* _WHAT TO PRODUCE_:
Write out each line of the entries below that holds the word "Mercedes".

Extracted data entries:
****************************************

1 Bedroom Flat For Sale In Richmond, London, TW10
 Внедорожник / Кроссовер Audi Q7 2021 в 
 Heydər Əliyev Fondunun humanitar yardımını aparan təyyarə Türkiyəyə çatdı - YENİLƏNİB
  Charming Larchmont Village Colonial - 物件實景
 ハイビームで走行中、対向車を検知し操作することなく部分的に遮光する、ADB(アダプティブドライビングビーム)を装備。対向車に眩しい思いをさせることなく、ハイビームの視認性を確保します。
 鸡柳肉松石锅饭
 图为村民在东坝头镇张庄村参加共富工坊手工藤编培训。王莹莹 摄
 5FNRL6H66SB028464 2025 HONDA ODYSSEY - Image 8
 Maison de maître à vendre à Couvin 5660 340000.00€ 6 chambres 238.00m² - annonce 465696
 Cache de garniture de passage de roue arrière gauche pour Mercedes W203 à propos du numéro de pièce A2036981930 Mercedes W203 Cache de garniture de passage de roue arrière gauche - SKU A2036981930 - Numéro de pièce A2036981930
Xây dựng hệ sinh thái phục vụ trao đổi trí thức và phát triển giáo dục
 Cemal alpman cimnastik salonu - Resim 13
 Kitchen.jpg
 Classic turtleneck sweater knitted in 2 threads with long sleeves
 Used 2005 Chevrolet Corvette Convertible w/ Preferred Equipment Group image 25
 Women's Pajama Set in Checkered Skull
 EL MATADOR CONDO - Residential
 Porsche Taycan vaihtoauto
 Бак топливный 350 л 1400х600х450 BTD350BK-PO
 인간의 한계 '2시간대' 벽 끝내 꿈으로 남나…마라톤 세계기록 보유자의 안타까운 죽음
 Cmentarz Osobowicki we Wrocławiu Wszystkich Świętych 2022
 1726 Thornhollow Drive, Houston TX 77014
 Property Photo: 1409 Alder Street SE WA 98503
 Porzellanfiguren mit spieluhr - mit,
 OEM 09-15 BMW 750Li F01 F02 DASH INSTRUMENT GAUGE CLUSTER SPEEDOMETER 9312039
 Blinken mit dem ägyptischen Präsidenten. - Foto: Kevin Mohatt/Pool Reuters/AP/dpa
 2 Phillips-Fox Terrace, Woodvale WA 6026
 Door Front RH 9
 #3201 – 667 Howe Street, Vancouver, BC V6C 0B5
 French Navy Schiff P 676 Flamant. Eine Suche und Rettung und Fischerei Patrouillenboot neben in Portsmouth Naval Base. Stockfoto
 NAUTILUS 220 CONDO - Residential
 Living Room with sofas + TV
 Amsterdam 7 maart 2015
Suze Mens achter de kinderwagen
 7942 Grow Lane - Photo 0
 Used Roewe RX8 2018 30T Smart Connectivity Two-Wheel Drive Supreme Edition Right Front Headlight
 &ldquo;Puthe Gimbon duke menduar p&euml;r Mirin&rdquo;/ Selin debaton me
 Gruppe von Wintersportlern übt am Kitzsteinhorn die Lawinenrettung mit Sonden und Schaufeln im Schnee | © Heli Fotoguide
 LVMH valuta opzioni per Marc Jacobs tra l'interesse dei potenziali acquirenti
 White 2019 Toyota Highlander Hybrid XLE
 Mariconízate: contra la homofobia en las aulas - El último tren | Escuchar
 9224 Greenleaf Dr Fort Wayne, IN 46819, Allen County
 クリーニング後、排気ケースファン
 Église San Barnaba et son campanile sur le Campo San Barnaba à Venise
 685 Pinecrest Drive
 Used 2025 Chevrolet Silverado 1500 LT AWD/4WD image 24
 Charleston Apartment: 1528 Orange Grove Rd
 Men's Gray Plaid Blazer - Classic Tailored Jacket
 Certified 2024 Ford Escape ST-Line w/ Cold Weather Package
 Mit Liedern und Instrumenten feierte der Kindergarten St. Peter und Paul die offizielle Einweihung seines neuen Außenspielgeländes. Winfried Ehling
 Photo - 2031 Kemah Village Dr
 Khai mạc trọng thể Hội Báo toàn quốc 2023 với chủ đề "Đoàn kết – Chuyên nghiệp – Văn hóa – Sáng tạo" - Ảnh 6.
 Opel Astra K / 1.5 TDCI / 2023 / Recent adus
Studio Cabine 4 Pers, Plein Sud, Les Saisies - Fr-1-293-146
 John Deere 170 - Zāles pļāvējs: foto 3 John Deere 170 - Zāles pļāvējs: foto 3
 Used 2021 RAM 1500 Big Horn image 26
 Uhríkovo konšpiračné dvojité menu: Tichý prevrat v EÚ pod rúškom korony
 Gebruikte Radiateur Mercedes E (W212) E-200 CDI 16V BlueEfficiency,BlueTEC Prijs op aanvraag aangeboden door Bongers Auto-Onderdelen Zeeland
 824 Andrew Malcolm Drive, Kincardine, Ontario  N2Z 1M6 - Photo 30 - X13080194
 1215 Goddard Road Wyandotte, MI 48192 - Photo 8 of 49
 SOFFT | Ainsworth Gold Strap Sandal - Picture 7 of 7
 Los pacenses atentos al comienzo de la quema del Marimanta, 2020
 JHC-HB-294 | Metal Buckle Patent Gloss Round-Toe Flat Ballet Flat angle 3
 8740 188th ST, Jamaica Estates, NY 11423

****************************************

* _EXERCISE RESPONSE_:
 Cache de garniture de passage de roue arrière gauche pour Mercedes W203 à propos du numéro de pièce A2036981930 Mercedes W203 Cache de garniture de passage de roue arrière gauche - SKU A2036981930 - Numéro de pièce A2036981930
 Gebruikte Radiateur Mercedes E (W212) E-200 CDI 16V BlueEfficiency,BlueTEC Prijs op aanvraag aangeboden door Bongers Auto-Onderdelen Zeeland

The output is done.